Nvinferaudio custom model

Please provide complete information as applicable to your setup.

• Hardware Platform (Jetson / GPU) Jetson Nano
• DeepStream Version 6.01
• JetPack Version (valid for Jetson only) 4.61
• TensorRT Version 8.01
• NVIDIA GPU Driver Version (valid for GPU only) 470
• Issue Type( questions, new requirements, bugs) Question
• How to reproduce the issue ? (This is for bugs. Including which sample app is using, the configuration files content, the command line used and other details for reproducing)
• Requirement details( This is for new requirement. Including the module name-for which plugin or for which sample application, the function description)

Good evening

I am trying to incorporate a custom audio classifier into nvinferaudio in Deepstream.

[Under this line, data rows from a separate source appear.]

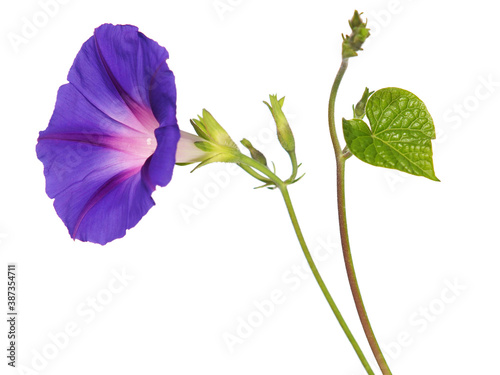Canvas-taulu Purple flower of Morning glory isolated on white background, Ipomoea purpurea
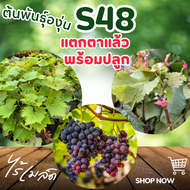 ต้นพันธุ์องุ่น “S48” องุ่นไร้เมล็ด เสียบยอด แตกตาแล้วพร้อมปลูก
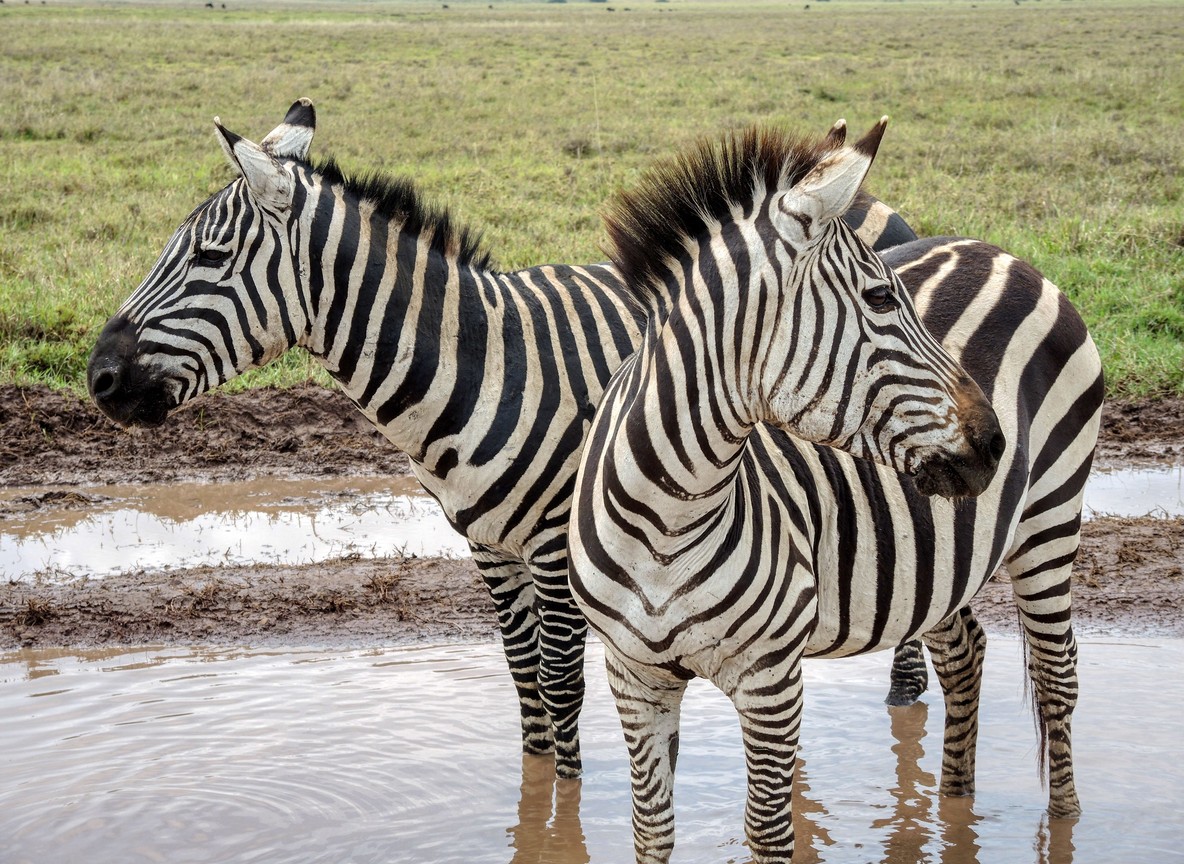 Rangers on dawn patrol protecting rhinos at Ol Pejeta Conservancy, Kenya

While I understand from the documentation that the model itself works on a mel spectogram I am trying to understand the input tensor from sonyc_audio_classify.onnx which I see is type: float32[batch_size,1,635,128] I am trying relate this to the audio-transform parameter and from what I can see the 128 is the number of mel bins. It would be helpful to have an example frame of input data.

Is this format the standard processing of the nvinveraudio block or is has some input customization been done. Alternatively where can I find the definition of the SONYC classifier to compare against my model and make adjustments.

Any help would be appreciated

Any advice?

1 The Gst-nvinferaudio plugin performs transform (log mel spectogram), on the input frame based on audio-transform property setting, please refer to Gst-nvinferaudio — DeepStream 6.1.1 Release documentation
2 please refer to demo app deeptream-audio in /opt/nvidia/deepstream/deepstream/sources/apps/sample_apps/.

Hi fanzh

Thanks I have gone through that, it would be helpful to know about the SONYC model used, is that available as it does not seem to be a standard well known model unless I cant find it. I do find the SONYC dataset and the journal article that does talk about a very basic classifier.

Or alternatively what does the tensor represent for example with images the input tensor is NCHW what is the equivalent definition for audio. Am I right so say [batch_size, audio_channels (1), data points (635), mel_bins(128)]?

Hi fanzh I didnt reply directly to your post. Where is the best place to request this info?

please refer to deepstream-audio 's config file, here are some important parameters, and you can get description in documentation above.
audio-transform=melsdb,fft_length=2560,hop_size=692,dsp_window=hann,num_mels=128,sample_rate=44100,p2db_ref=(float)1.0,p2db_min_power=(float)0.0,p2db_top_db=(float)80.0

Thanks I have got it working now by the looks of it

I am getting another error though

0:00:08.963285580 11141 0xbd13680 WARN nvinferaudio gstnvinferaudio.cpp:578:gst_nvinferaudio_process_input:<audio_classifier> error: Failed buffering twice
ERROR from audio_classifier: Failed buffering twice

I’ll post another thread for that

This topic was automatically closed 14 days after the last reply. New replies are no longer allowed.